The central bank's decision to ease monetary policy, which brings the key rate to level last seen in 2014, came as a surprise to some in the market.
The majority of analysts in a Reuters poll had predicted the bank would hold rates.
The bank said in a statement that it "notes that the inflation slowdown is overshooting the forecast, inflation expectations continue to decline and economic activity is recovering. Inflation risks have slightly dropped but remain elevated."
The rouble firmed slightly to 57.26 versus the dollar from 57.37 shortly before the rate call.
The central bank said it would consider cutting rates further as inflation had slowed to a post-Soviet low of 4.3 percent in March. The central bank targets annual inflation at 4 percent.

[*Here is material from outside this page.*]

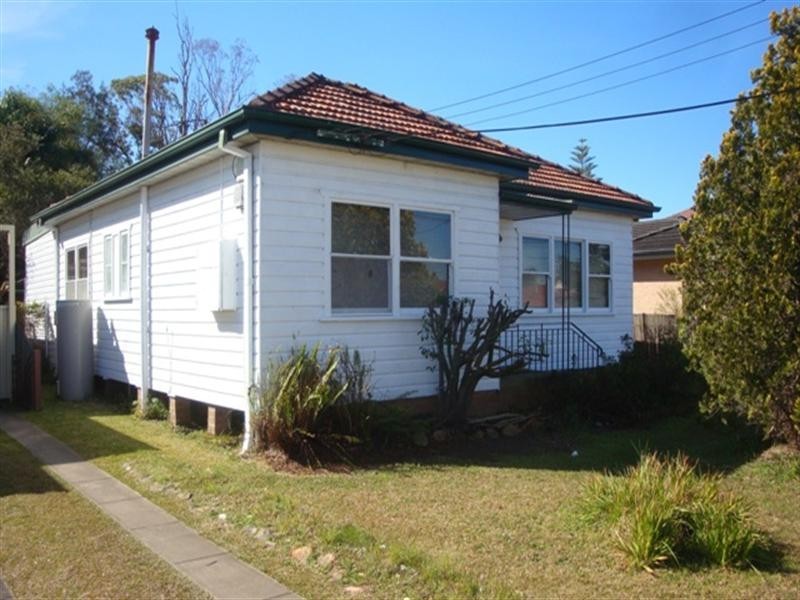10 Joyce Street, Fairfield NSW 2165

"The Bank of Russia will assess further dynamics of inflation and the economy ... and admits the possibility of a gradual decline of the key rate in the second and third quarters of the current year," it said.
Disinflation was seen as the main argument for the long-awaited rate cut, after the head of the central bank's monetary policy department said earlier this month he would suggest to the board of directors that they consider lowering the rate.
While the central bank pointed to a massive slowdown in inflation from levels of nearly 17 percent seen just over two years ago, the bank expressed concerns about inertia of inflation expectations and volatility on global markets.
The central bank also said on Friday that the economic outlook had improved somewhat. It now sees gross domestic product growing 1-1.5 percent in 2017 compared with its previous forecast of GDP growth of less than 1 percent.
The central bank, however, has not changed its conservative view on prices for oil, Russia's key export. The central bank said on Friday it assumed oil prices would fall to $40 per barrel by the end of the year.
The central bank is set to hold its next rate-setting meeting on April 28.